I used to race with friends in school when I was a kid. It used to be challenging for me. I was determined to finish first every time, even if there wasn’t any prize in the end. If I won, I’d be able to say that I won the race. That was it. Nothing else.
Even if there was no prize or anything in the end. I always wanted to finish first. Same with my friends. Everybody wanted to finish first, no matter what.
Sometimes I’d finish first, and sometimes I’d lose. Whenever I finished first, I used to experience something which I wouldn’t have otherwise felt. It was something really deep and satisfying, that I’ve won the race.
I started searching for alternatives to experience the same feeling because it was really exciting and pleasurable at the same time. I wanted that feeling every time, but it wasn’t possible for me to win race every day.
So, I started viewing everything as a race. I hated homeworks very much. I would complete it just for the sake of completing. Did it everyday even if I didn’t like to. I just used to scribble and finish it as soon as possible. I wouldn’t write good or solve problems by heart.
Instead, I started viewing it as a race to experience the pleasure of completing first. I completed homeworks just to win the race against my older self. If I completed the homework in 45 minutes yesterday, I’d try to complete in 40 minutes today. Of course, I didn’t enjoy it, but completed it just for the sake of it. Just like how I didn’t like to race but played it just to experience the last moment of it.

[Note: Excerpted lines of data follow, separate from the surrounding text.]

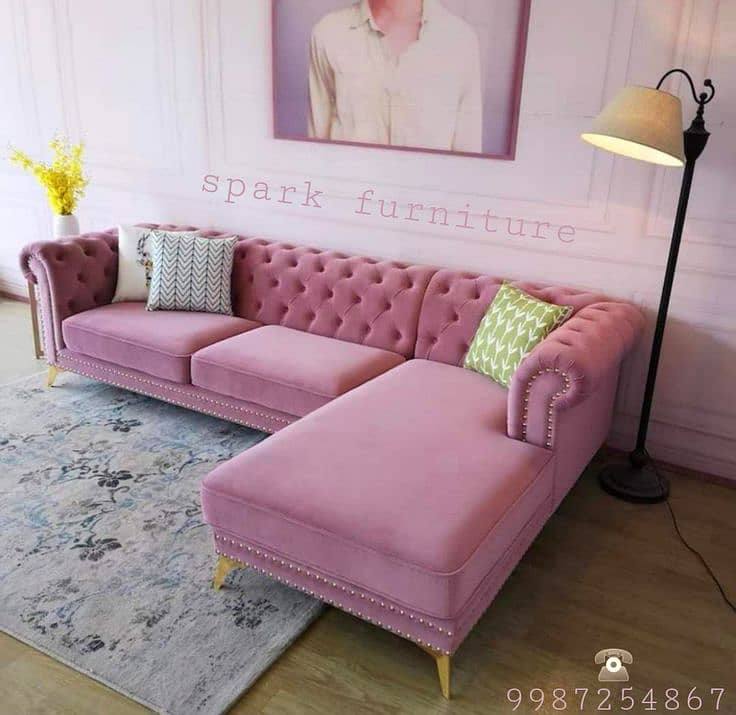L shape sofa / sofa set / sofa repair / fabric change / sofa poshish 9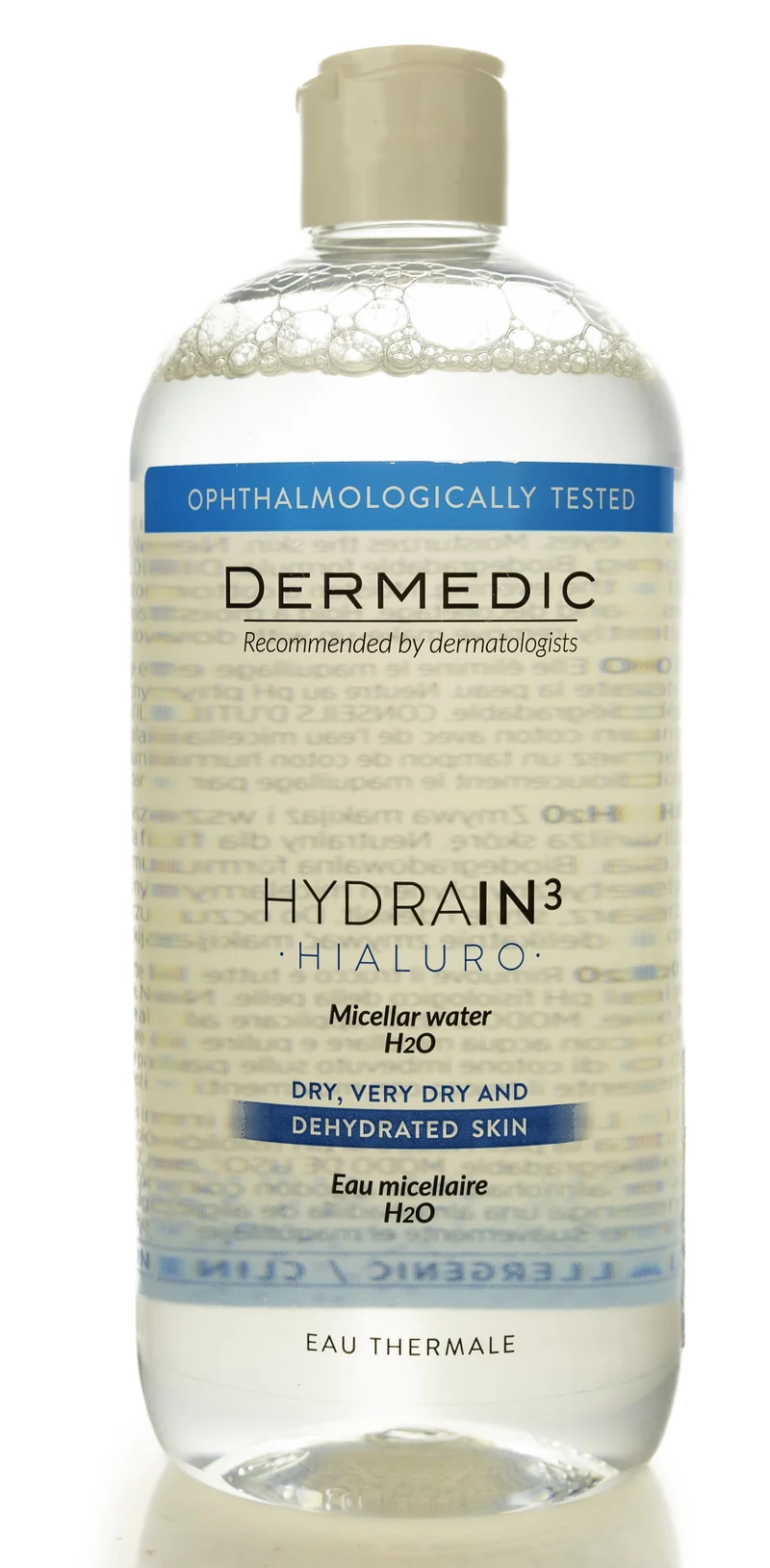 Dermedic Hydrain3 Hialuro Micellar Water H2O 500 ml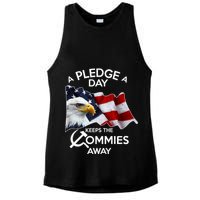 A Pledge A Dat Keeps The s Commies Away Ladies PosiCharge Tri-Blend Wicking Tank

I had to complete homework, so I completed it. That was it. Nothing more. The only reason holding me to do homework was a thought to experience that gratifying feeling at the end.
Slowly, without realizing, I started viewing other stuffs in life as a race. I wasn’t aware of that though. I was sub-consciously viewing everything as a race.
With time I started viewing life as a race.
I knew that I was a kid and I also knew that everyone needs grow up and act like an adult one day. Since, I was viewing everything, including life, as a race. I tried hanging out with college graduates. By that I mean trying to spend time with them.
I used to go out and try to meet big guys because I had to reach at that point one day. Why not start to act like one? And then I’d win this race. All of my friends would still be a kid, whereas, I’d have already become an adult.
I probably lived all my childhood with this mindset. I was taking the Passive mimickry approach with life.
Passive mimickry means simple mindless copying of the most obvious choices the successful person makes, without thinking about the reasons behind the choices. When you see cliques of kids all wearing the same clothes, this is often one or two trendsetters who are seen as successful by many of their peers, who then copy superficial details. Passive mimickry can be because of a lack of other ideas, or because of a fear of being inferior if they don't copy.
I was viewing life as a race and approaching it through passive mimickry.
I made a huge mistake and it took lots of time for me to realize it. I was trying to fast forward everyday. But, I failed to realize the end goal. What’s there in the end of life? What prize do we have?
It was heart breaking for me to figure out that there was only death in the end. So, what’s the reason to fast forward life and not enjoy it? Just to face the bitter reality of death?
So, instead, try and stop your life, take sometime to enjoy it, and fill yourself with positive thoughts. There’s no reason not to. This day is going to pass the way you choose to. You can choose to pass this day in a better note with excitement and joy. Or you can pass it being bored and thinking about negativity. Why leave it with negative thoughts when you can choose to use it the other way.
Hence, I’m stopping time right away, to enjoy life, appreciate stuffs, feel gratitude and live to the fullest extent.
You don't go to an orchestra to listen to the last note. You go there to listen to the build up, the cadenza, and even the stillness the occurs at the end of the piece. Why should life be seen in the same way?
Most people look life as if it is all about getting to a destination, rather than about the journey. Finishing school, graduating, finding that job, and that thing you want. The problem is when you finally do, you'll not even appreciate it cause you'll feel a huge anti-climax just after it happens. And you'll just set your sight for a next destination target.
Instead, How about living in the current moment?
Don't be in a hurry. Life is happening NOW!